İşte Allah’ı sevmeyi kendi nefsini sevmeye tercih ederse demek olabilir. O da çok güzel bir mana. O mana da doğrudur. Sevilecek ne var? Bir türkü duydum, ama hoşuma gitti manası. Yani nereye tatbik edersen nereye çekersen oraya gider manası:
Seversen bir güzel sev, çekme çirkin derdini.
Güzeller güzeli Allah-u Teàlâ Hazretleri. Her türlü güzelliği halk etmiş olan, her türlü sanatın kudretin kuvvetin gücün güzelliğin kemalin sahibi olan Allahuteala. Seveceksen onu sev! Şunu seviyorsun, bunu seviyorsun, şu tarafı güzel ama bu tarafı fena. Gül güzel ama dikeni var. Gül yağı güzel ama sürüyorsun biraz sonra uçup gidiyor. Her şeyin böyle kendine göre bir kusuru var ama Allah-u Teàlâ Hazretleri sübhandır; yani her türlü kusurdan münezzeh güzeldir. Seversen onu sev. Bağlanacaksan gönlünü ona bağla. Niye nefsini seversin, kendini beğenirsin? O mana çıkar. O da manaların güzellerinin güzelleridir yani. En hoş manadır. Allah bize kendi sevgisini, yani muhabbetullahı, Allah sevgisini gönlümüze ihsan eylesin... Onu seven ve onun sevgisini her şeye tercih eden kimselerden eylesin.
Biliyorsunuz hadis-i şerifte buyuruyor ki Peygamber
Efendimiz bir insan Allah ve rasulünü onların dışındaki her şeyden daha çok sevmedikçe iyi mü’min olmaz.
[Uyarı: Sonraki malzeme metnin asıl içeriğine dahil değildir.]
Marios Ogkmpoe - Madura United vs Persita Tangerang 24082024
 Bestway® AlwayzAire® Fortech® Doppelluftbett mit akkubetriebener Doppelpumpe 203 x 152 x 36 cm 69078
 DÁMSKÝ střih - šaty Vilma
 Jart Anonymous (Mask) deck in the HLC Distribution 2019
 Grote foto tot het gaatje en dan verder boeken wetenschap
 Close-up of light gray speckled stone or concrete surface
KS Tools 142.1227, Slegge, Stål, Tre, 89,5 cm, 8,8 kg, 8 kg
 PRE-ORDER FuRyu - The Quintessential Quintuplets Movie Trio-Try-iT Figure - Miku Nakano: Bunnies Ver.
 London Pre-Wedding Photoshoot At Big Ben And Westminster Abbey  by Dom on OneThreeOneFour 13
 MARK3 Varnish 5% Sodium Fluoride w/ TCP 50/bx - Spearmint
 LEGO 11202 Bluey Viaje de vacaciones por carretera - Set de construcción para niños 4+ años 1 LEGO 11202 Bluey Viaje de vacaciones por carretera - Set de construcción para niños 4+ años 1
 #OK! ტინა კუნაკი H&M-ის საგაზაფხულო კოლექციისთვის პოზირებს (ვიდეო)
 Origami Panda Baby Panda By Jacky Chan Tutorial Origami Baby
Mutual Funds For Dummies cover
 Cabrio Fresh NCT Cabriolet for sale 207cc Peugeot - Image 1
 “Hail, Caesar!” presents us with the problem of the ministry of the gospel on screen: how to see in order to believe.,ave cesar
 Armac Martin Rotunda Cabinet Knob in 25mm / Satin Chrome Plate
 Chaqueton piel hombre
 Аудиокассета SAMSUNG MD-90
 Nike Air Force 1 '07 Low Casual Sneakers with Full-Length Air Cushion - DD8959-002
En çok kimi sevmemiz lazım bizim? Allah’ı sevmemiz lazım! Ondan sonra Allah’ın elçisini severiz, Rasulünü; o göndermiş diye. Kur’anını severiz, kitabı diye. Emrini severiz, buyruğu diye. Yasağını severiz, o yasaklamış diye.
Yasağı da güzel, emri de güzel! Her şeyi güzel... Lütfu da hoş, kahrı da hoş… Hepsi yerli yerinde… İnsan işte o seviyeye ulaşırsa, ne mutlu. Bundan mahrum olursa, fani lezzetlere gönlünü kaptırırsa, bir başka hadis-i şerifte geçti ki, Münebbihat’ta da geçiyor:111
أتانِي جِبْرِيلُ، فقالَ: يا مُحَمَّدُ، عِشْ ما شِئْتَ، فإنَّكَ مَيِّتٌ؛ وأحْبِبْ
مَنْ شِئْتَ، فإنَّكَ مُفارِقُهُ؛ واعْمَلْ مَا شِئْتَ، فإنَّكَ مَجْزِيٌّ بِهِ (ك. هب.
عن سهل بن سعد؛ هب. عن جابر؛ حل. عن عَلِيَ)
(Etânî cibrîl, fekàle) Cebrâil AS geldi ve şöyle dedi:
1. (Yâ muhammed, iş mâ şi’te) “Nasıl istersen öyle yaşa; (feinneke meyyit) ama, bil ki sonunda öleceksin!
2. (Ve ahbib men şi’te) Kimi seversen sev; (feinneke müfârikuh) bil ki bir gün o sevdiğinden ayrılacaksın!
3. (Va’mel mâ şi’te) Nasıl istersen öyle amel et! İster hayır, ister şer... (Feinneke mecziyyün bih) Muhakkak o yaptığın amelin karşılığını göreceksin!”
111 Hàkim, Müstedrek, c.IV, s.360, no:7921; Taberani, Mu’cemü’l-Evsat, c.IV, s.306, no:4278; Beyhaki, Şuabü’l-İman, c.VII, s.349, no:10541; Kudài, Müsnedü’ş- Şihab, c.I, s.435, no:746; Heysemi, Mecmaü’z-Zevaid, c.II, s.522, no:3529; Sehl ibn-i Sa’d RA’dan.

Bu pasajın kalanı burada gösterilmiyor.